Triangular solution to general relativistic three-body problem for general masses
Kei Yamada, Hideki Asada

TL;DR
This paper revisits the relativistic three-body problem, deriving conditions for stable triangular configurations under general relativity and showing they differ from classical solutions, especially in size and shape.
Contribution
It provides a new post-Newtonian solution for three finite masses in a triangular configuration, extending previous restricted cases and highlighting relativistic corrections.
Findings
Post-Newtonian triangular solutions are not always equilateral.
Relativistic configurations are smaller than Newtonian ones.
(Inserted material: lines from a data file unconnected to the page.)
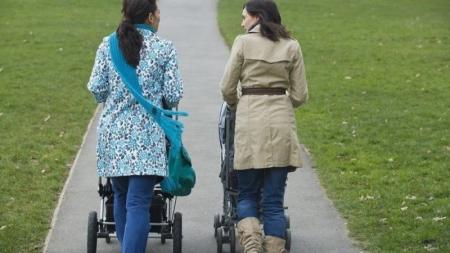 České ženy jsou na rodičovské nejdéle, o to těžší je návrat do práce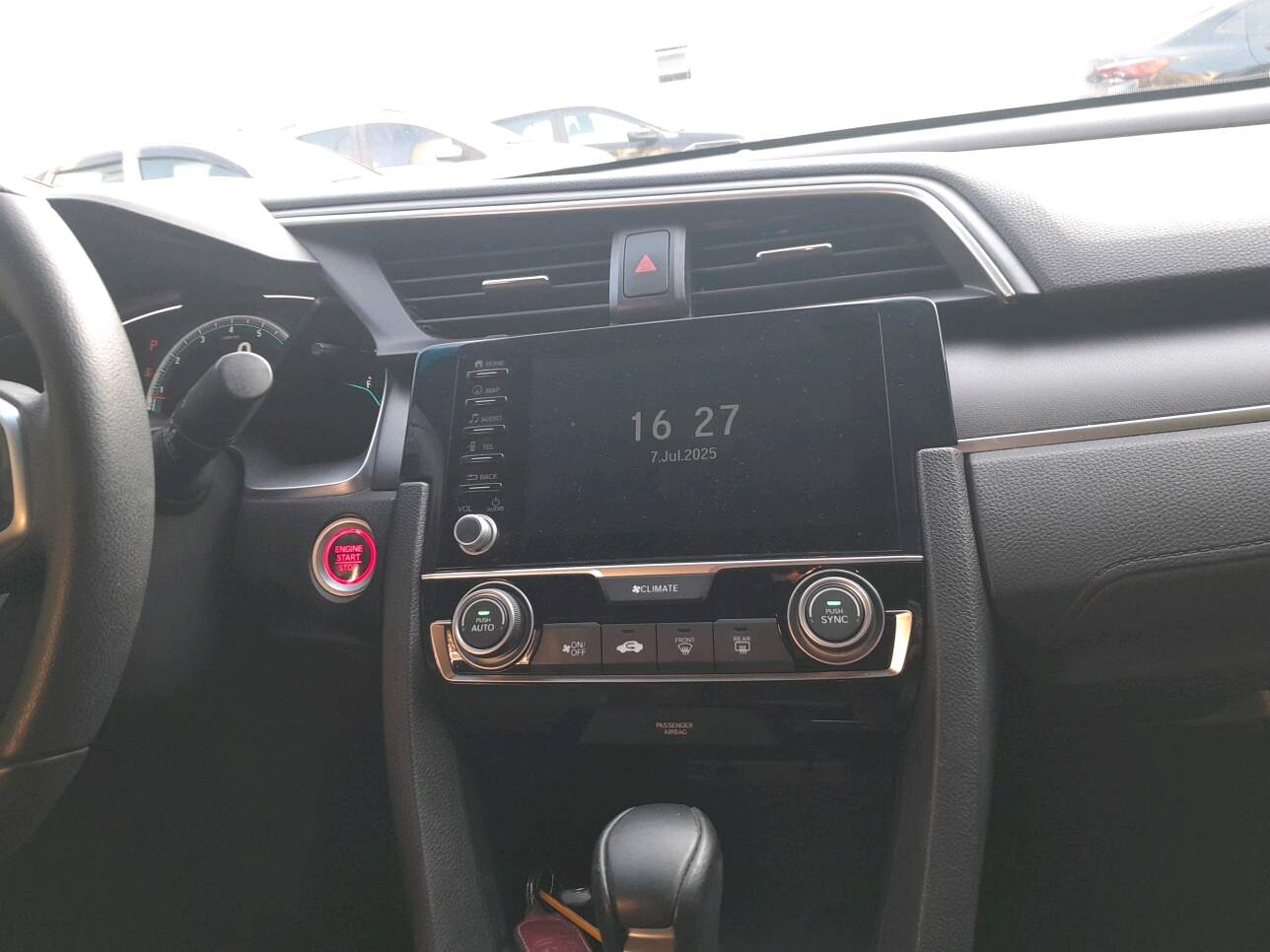 CIVIC 2.0 16V FLEXONE EXL 4P CVT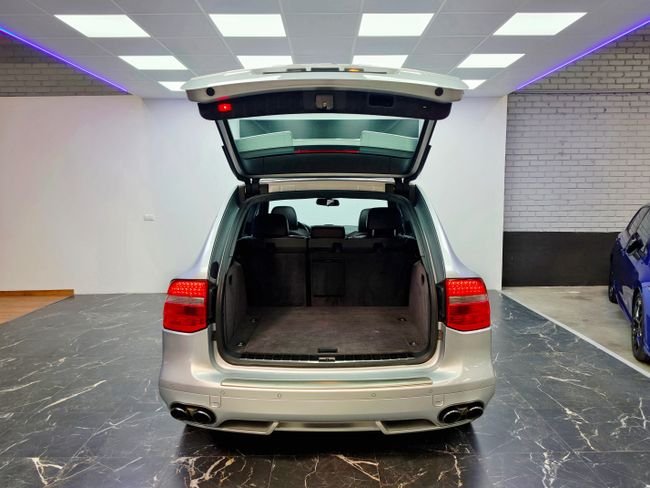 Porsche Cayenne GTS 2008, foto 24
The solution recovers previous restricted three-body results.
Abstract
Continuing work initiated in an earlier publication [Ichita, Yamada and Asada, Phys. Rev. D 83, 084026 (2011)], we reexamine the post-Newtonian effects on Lagrange's equilateral triangular solution for the three-body problem. For three finite masses, it is found that a triangular configuration satisfies the post-Newtonian equation of motion in general relativity, if and only if it has the relativistic corrections to each side length. This post-Newtonian configuration for three finite masses is not always equilateral and it recovers previous results for the restricted three-body problem when one mass goes to zero. For the same masses and angular velocity, the post-Newtonian triangular configuration is always smaller than the Newtonian one.